Fort de ces connaissances, on peut dire que l’on a affaire à un phénomène exceptionnel du fait du gigantisme et de la grande vitesse d’évolution, que les chercheurs qualifient de « crise sismo-volcanique ». Il s’agit sans doute de « de la plus importante éruption depuis celle du volcan Laki, au sud de l’Islande, en 1784 », s’accordent les chercheurs (2). « C’est sans doute la première fois qu’on a pu assister à la naissance en direct d’un volcan sous-marin », complète Éric Humler.
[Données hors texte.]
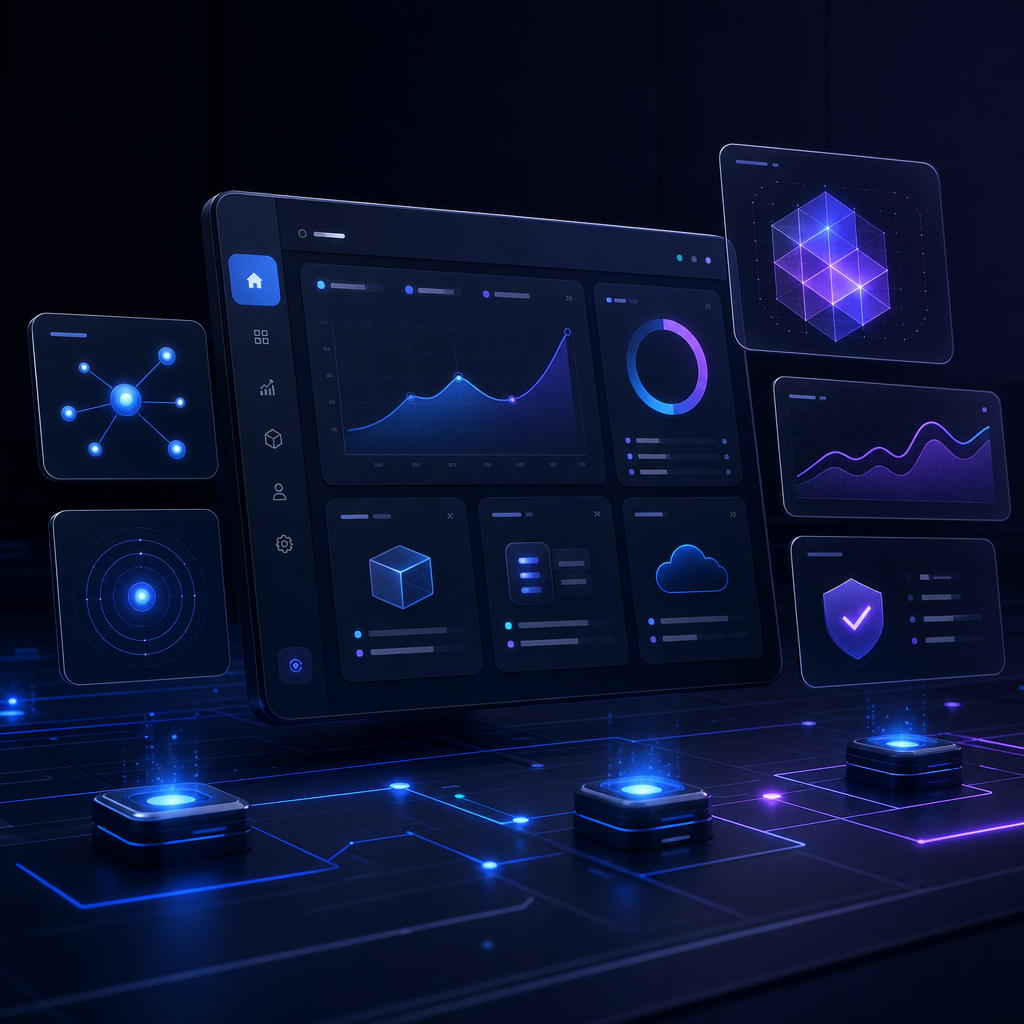 Modern SaaS control center with layered modules and glowing blue nodes on a futuristic interface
La population a ressenti certaines des secousses en 2018 et a été quelque peu apeurée par ces tremblements. Certaines habitations, notamment les plus modestes, ont été fissurées. Depuis, des spécialistes de la sécurité civile sont venus à Mayotte et la préfecture a publié des mesures de sécurité.
►Des moyens importants
Les hommes et les moyens dépêchés sur place sont importants. Les opérations ont déjà coûté plus de 3 millions d’euros. Sur l’île de Mayotte, les ingénieurs du Bureau de recherches géologiques et minières (BRGM) et de l’IGN sont équipés d’une vingtaine de sismomètres et de stations GPS. En mer, au cours de cinq missions océanologiques avec des navires lourds comme le Marion-Dufresne et le Beautemps-Beaupré, ont été installés sismomètres, balises GPS et baromètres. Un véritable « observatoire câblé », connecté par satellite avec les laboratoires de l’Hexagone. Les instruments installés à terre sont en « temps réel », tandis que ceux en mer ne le sont pas encore. D’où la nécessité de créer un observatoire permanent « fond de mer », comme seuls en disposent actuellement, en d’autres points chauds les Américains et les Japonais.
Simultanément, des robots sous-marins autonomes ont permis d’obtenir les premières images en 3D du volcan ainsi que celles des deux coulées de lave, aujourd’hui épandues et solidifiées. « Deux plongées ont révélé, sur la coulée du flanc ouest, des laves de structures différentes, en forme de coussin ou bien de cordes, ces dernières étant constituées de laves plus fluides », explique Arnaud Lemarchand, responsable opérationnel des observatoires de l’IPGP
Le phénomène géologique est si important qu’à la suite de la venue en août à Mayotte, d’Annick Girardin, ministre française des Outre-mer, le gouvernement français a annoncé la création d’un Observatoire volcanologique et sismologique.
►Encore des questions à résoudre
Malgré ces succès scientifiques, il reste de nombreuses inconnues. « Nous avons encore des doutes sur la position, la forme et le volume de la chambre magmatique, indique Nathalie Feuillet, coresponsable des missions. On a raté le début de la crise avant la naissance du volcan. Or la sismicité, qui a diminué mais existe encore en profondeur (entre 20 et 50 km), est liée avec la chambre magmatique », poursuit la géophysicienne.
Bref, la centaine de chercheurs, ingénieurs et techniciens impliqués dans cette aventure a encore du pain sur la planche. D’autant plus qu’il y a toujours un risque : le volcan sous-marin a-t-il tendance à s’étendre sous l’île de Mayotte ?
(1) Auteur avec Christiane Grappin de Quand la Terre tremble, CNRS éditions, 2019, 262 p., 24 €.
(2) Le fluor contenu dans les cendres volcaniques a entraîné la mort de plus de la moitié du cheptel, puis une famine entraînant la mort de 9 300 personnes, soit plus de 20 % de la population islandaise.